Exercise inputs: Begin
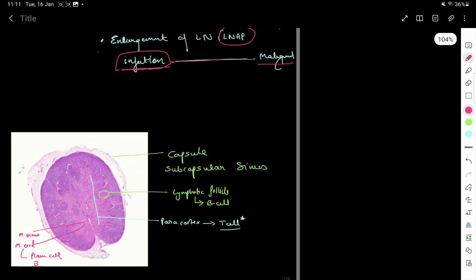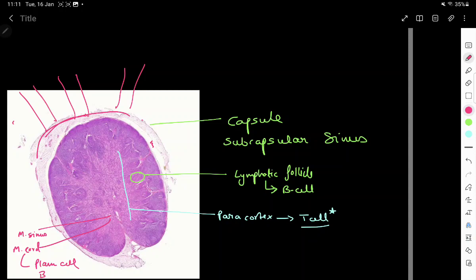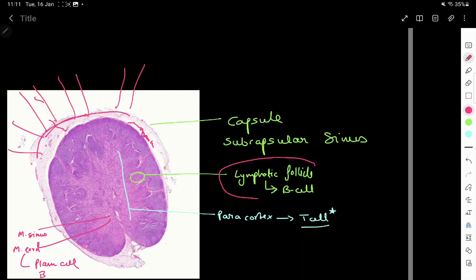Here we see a bean-shaped organ that has a capsule, and beneath the capsule we can see the subcapsular sinus. The lymph node has multiple afferent channels which bring lymph, and this lymph collects in the subcapsular sinus beneath the capsule. Beneath the subcapsular sinus we have the cortex of the lymph node, and the cortex is filled with lymphatic follicles.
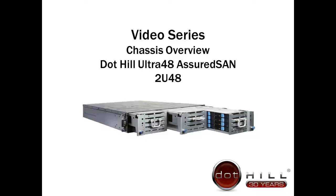This video is the first in a series to help familiarize you with the Dothill Ultra 48 chassis. This video will provide an overview of the chassis and point out the location of various field replaceable units, also referred to as FRUs.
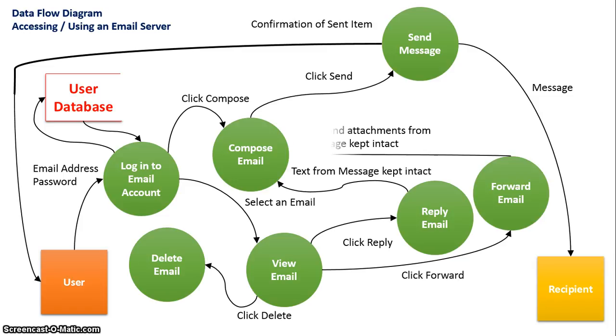Or they can forward an email where usually the message and the attachments are kept intact.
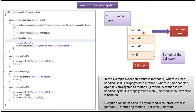Here you can see the call stack. From main method, method 1 is called. From method 1, method 2 is called. From method 2, method 3 is called. Method 3 is at the top of the call stack. Main method is at the bottom of the call stack.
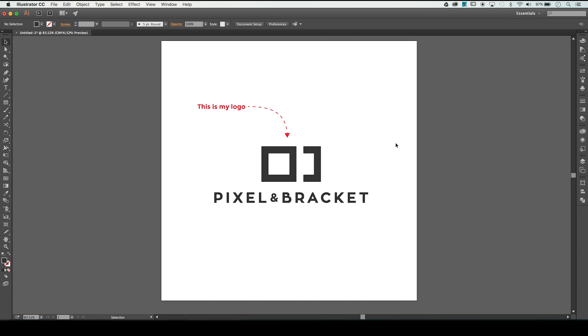Hey guys, I'm Spencer from Pixel and Bracket, and in this video I want to show you a quick troubleshooting tip in Adobe Illustrator. I'm hoping to help anyone that's found themselves in the same situation I found myself in just the other day.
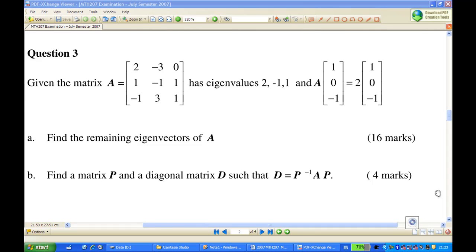Hi, for this recording I'm going to show you how to find eigenvectors of A given eigenvalues, to find the remaining eigenvectors of A. In this case, [1, 0, -1] is an eigenvector for eigenvalue λ equal to 2.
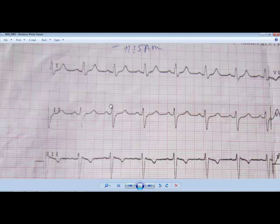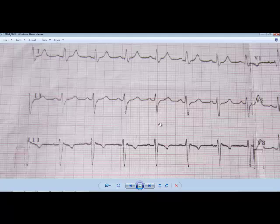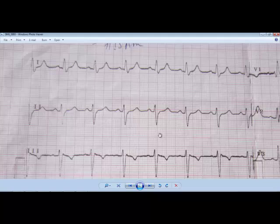So here we can see it is a left axis deviation, and also the S wave is larger in lead 2 and lead 3 — the S wave is larger than the R wave. This ECG also shows us that the patient might have a left anterior fascicular block. Thank you — please rate, comment, and subscribe to the channel.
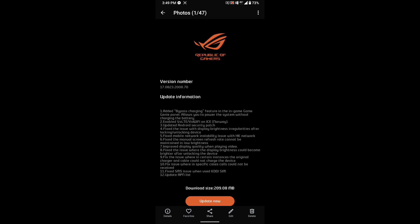It also enabled VoLTE Wi-Fi on Norway and of course updated security patch. Other fixes include network instability issue with Hong Kong network, fixed the manual screen refresh rate that can't be maintained in low brightness, and improved display quality when playing a video.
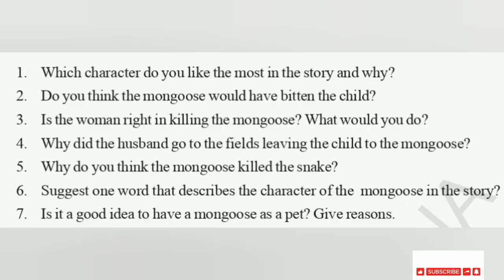Let's see the questions. The first question: which character do you like the most in the story and why? Without second thought, all of us can say we like the character of the mongoose the most, because it saved the baby from the snake's bite and even sacrificed its life in the end.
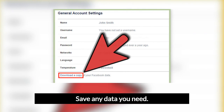Save any data you need. Before you delete your account, save anything from your account that there is a chance you will need later, depending on your needs. This may include contact information, photos, personal profile content, and more. You will lose access to all of this when you delete your account, so now is your chance to make a backup of any important data.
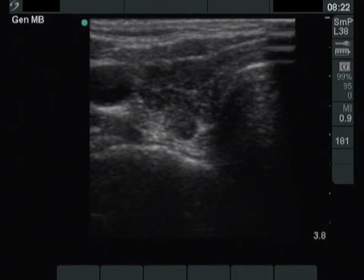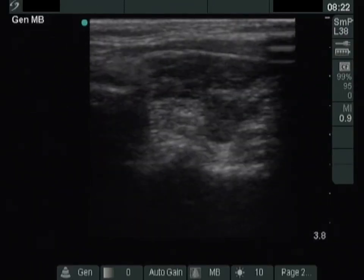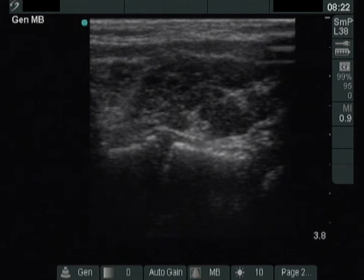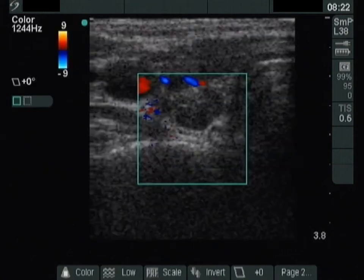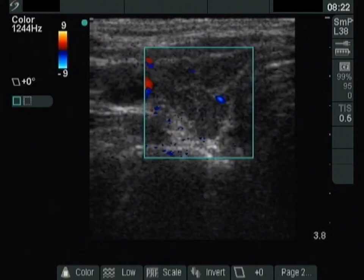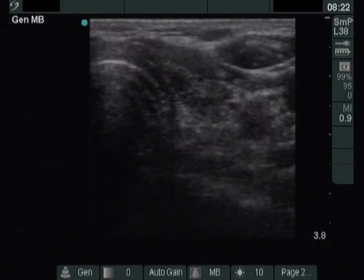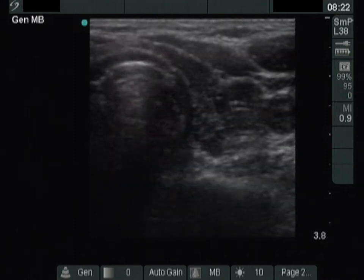In the video first, the right lobe is presented. This is a typical sonographic pattern of Hashimoto's thyroiditis — a hypoechoic lobe with fibrotic changes.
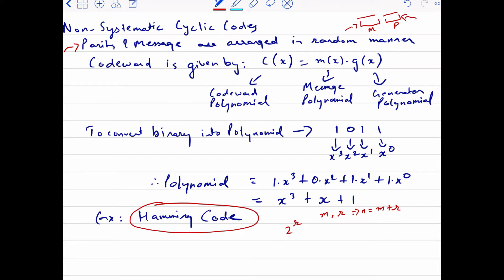Whenever we talk about non-systematic cyclic codes, we have this equation: C(x) = M(x) × G(x). Here C(x) is the code word polynomial, M(x) is the message polynomial, and G(x) is the generator polynomial. We consider polynomials just to make our theoretical calculations easy.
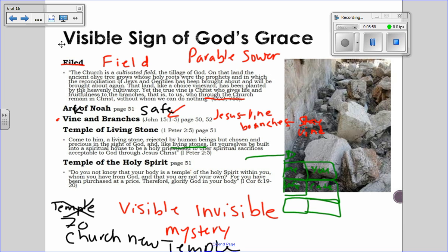Temple of the Holy Spirit is another metaphor for the church. Not only is the church the temple of the Holy Spirit — because the Holy Spirit came upon the church at Pentecost — but also each one of us is an individual temple of the Holy Spirit. Here's Paul's quote: 'Do you not know your body is a temple of the Holy Spirit within you, whom you have from God, and that you are not your own? For you have been purchased at a price.' That's the idea of Christ ransoming us. 'Therefore, glorify God in your body.'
Exercise inputs: End
Reproduce every line of the data above, exactly as it stands, but not the pictures.

Task solution:
Here we see a bean-shaped organ that has a capsule, and beneath the capsule we can see the subcapsular sinus. The lymph node has multiple afferent channels which bring lymph, and this lymph collects in the subcapsular sinus beneath the capsule. Beneath the subcapsular sinus we have the cortex of the lymph node, and the cortex is filled with lymphatic follicles.
This video is the first in a series to help familiarize you with the Dothill Ultra 48 chassis. This video will provide an overview of the chassis and point out the location of various field replaceable units, also referred to as FRUs.
Or they can forward an email where usually the message and the attachments are kept intact.
Here you can see the call stack. From main method, method 1 is called. From method 1, method 2 is called. From method 2, method 3 is called. Method 3 is at the top of the call stack. Main method is at the bottom of the call stack.
Hey guys, I'm Spencer from Pixel and Bracket, and in this video I want to show you a quick troubleshooting tip in Adobe Illustrator. I'm hoping to help anyone that's found themselves in the same situation I found myself in just the other day.
Hi, for this recording I'm going to show you how to find eigenvectors of A given eigenvalues, to find the remaining eigenvectors of A. In this case, [1, 0, -1] is an eigenvector for eigenvalue λ equal to 2.
So here we can see it is a left axis deviation, and also the S wave is larger in lead 2 and lead 3 — the S wave is larger than the R wave. This ECG also shows us that the patient might have a left anterior fascicular block. Thank you — please rate, comment, and subscribe to the channel.
It also enabled VoLTE Wi-Fi on Norway and of course updated security patch. Other fixes include network instability issue with Hong Kong network, fixed the manual screen refresh rate that can't be maintained in low brightness, and improved display quality when playing a video.
Let's see the questions. The first question: which character do you like the most in the story and why? Without second thought, all of us can say we like the character of the mongoose the most, because it saved the baby from the snake's bite and even sacrificed its life in the end.
Save any data you need. Before you delete your account, save anything from your account that there is a chance you will need later, depending on your needs. This may include contact information, photos, personal profile content, and more. You will lose access to all of this when you delete your account, so now is your chance to make a backup of any important data.
In the video first, the right lobe is presented. This is a typical sonographic pattern of Hashimoto's thyroiditis — a hypoechoic lobe with fibrotic changes.
Whenever we talk about non-systematic cyclic codes, we have this equation: C(x) = M(x) × G(x). Here C(x) is the code word polynomial, M(x) is the message polynomial, and G(x) is the generator polynomial. We consider polynomials just to make our theoretical calculations easy.
Temple of the Holy Spirit is another metaphor for the church. Not only is the church the temple of the Holy Spirit — because the Holy Spirit came upon the church at Pentecost — but also each one of us is an individual temple of the Holy Spirit. Here's Paul's quote: 'Do you not know your body is a temple of the Holy Spirit within you, whom you have from God, and that you are not your own? For you have been purchased at a price.' That's the idea of Christ ransoming us. 'Therefore, glorify God in your body.'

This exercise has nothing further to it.